Funding boost for international research into links between Mediterranean diet, exercise & dementiaNovember 01, 2019An international clinical trial involving academics from Sheffield Hallam University exploring the effects of following a Mediterranean diet and regular exercise on those living with dementia has been awarded almost £1 million funding.
Sheffield Hallam is one of a group of seven universities from England and Australia who are collaborating on this project to determine the effects of a combination of a Mediterranean diet and daily exercise on reducing cognitive decline and other dementia risk factors in older Australians.
The project will look at the psychological and physiological impacts of the Mediterranean diet and exercise on early stages of dementia .

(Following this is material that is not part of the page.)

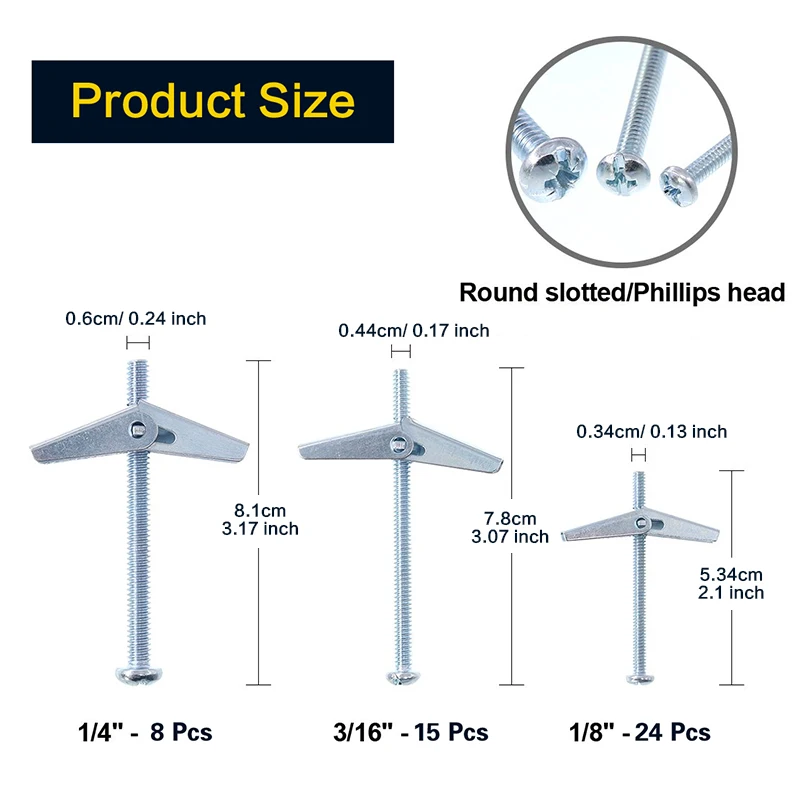 47 pcs, Toggle Bolts, Wall Anchor, 1/4, 3/16, 1/8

The trial, led by Swinburne University in Australia, aims to investigate the underlying factors responsible for reducing dementia risk and the cost-effectiveness of the intervention.
The National Health Medical Research Council (NHMRC) funding of 1.7 million Australian dollars (around £948,000) enables the institutions to extend a successful six-month trial to two years.
Sheffield Hallam's role in the trial came about as a result of the University's close partnership with La Trobe University in Melbourne, Australia. The two universities announced a strategic partnership earlier this year to support research collaboration and international exchange opportunities for staff and students.
Dr Jeff Breckon is head of research at Sheffield Hallam University's Academy of Sport and Physical Activity and the lead for the University on the trial.
He is one of nine co-investigators on the project and will design, deliver and analyse training on Motivational Interviewing and Cognitive Behaviour Therapy (MI-CBT) components of the trial.
It is hoped the study will be replicated in the UK in the future.
Dr Breckon said: "Dementia is a cruel disease which is extremely difficult to treat, particularly in the later stages. As the population ages, the government faces huge costs of supporting people living with dementia.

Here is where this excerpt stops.